Hi!
I’m trying to run the pix2struct-widget-captioning-base model. (link)
When I am executing it like described on the model card, I get an error: “ValueError: A header text must be provided for VQA models.”
I think the model card description is missing the information how to add the bounding box for locating the widget, the description just says it should be the same as for pix2struct-textcaps-base, which I don’t think is the case.
Any idea how to add this information?
I’m quite new to using HuggingFace models.
Currently I manually draw bounding boxes inside the image using an image editing tool. But I’m getting the same prediction no matter where I draw the bounding box, so I’m not sure if the model is working.
Below is my code:
import requests
from PIL import Image
from transformers import Pix2StructForConditionalGeneration, Pix2StructProcessor
model = Pix2StructForConditionalGeneration.from_pretrained("google/pix2struct-widget-captioning-base")
processor = Pix2StructProcessor.from_pretrained("google/pix2struct-widget-captioning-base")
image = Image.open("/path/to/image.png")
inputs = processor(images=image, text="", return_tensors="pt")
predictions = model.generate(**inputs)
print(processor.decode(predictions[0], skip_special_tokens=True))
No, I couldn’t figure it out. I was checking the original google pix2struct github repo a bit, but didn’t find an example. Otherwise I’m not sure how to investigate further. Would be happy to see the solution.
the model u are using is a captioning model, thus it will generate a caption for an image, so drawing a bounding box should not normally change the caption of the image - therefor u get the same prediction
Hi doc2txt,
like the name of the model also implies it is a widget captioning model, we need to provide a bounding box, and the part of the image withing the bounding box gets captioned.

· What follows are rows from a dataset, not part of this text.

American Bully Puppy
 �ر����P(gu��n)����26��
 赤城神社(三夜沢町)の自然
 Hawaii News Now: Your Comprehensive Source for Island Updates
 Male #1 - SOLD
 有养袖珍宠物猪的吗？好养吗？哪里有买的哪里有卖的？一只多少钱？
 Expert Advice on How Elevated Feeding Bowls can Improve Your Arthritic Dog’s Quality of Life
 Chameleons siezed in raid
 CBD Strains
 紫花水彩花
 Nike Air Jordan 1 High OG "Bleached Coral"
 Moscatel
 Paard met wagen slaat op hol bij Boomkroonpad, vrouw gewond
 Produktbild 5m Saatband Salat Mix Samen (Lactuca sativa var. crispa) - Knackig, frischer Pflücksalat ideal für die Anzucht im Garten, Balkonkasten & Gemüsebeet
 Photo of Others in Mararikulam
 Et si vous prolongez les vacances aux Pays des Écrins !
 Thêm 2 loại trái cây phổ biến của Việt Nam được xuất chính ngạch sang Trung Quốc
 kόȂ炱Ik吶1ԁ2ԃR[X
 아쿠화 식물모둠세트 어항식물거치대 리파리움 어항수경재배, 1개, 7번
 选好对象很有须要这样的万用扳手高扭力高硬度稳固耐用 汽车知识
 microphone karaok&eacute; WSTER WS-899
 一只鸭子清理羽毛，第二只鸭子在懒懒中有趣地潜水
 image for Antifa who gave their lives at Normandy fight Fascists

See the paper about pix2struct https://arxiv.org/pdf/2210.03347.pdf, page 6:
“Widget Captioning (Li et al., 2020b) is an image captioning task where the input is an app screenshot annotated with
a single bounding box denoting a widget (e.g. a button or
a scroll bar). The caption describes the functionality of the
widget (e.g. find location). VUT (Li et al., 2021b), the current SotA uses a specialized UI encoder combining images,
bounding boxes, and view hierarchies. Pix2StructLarge improves the SotA CIDEr from 127.4 to 136.7.”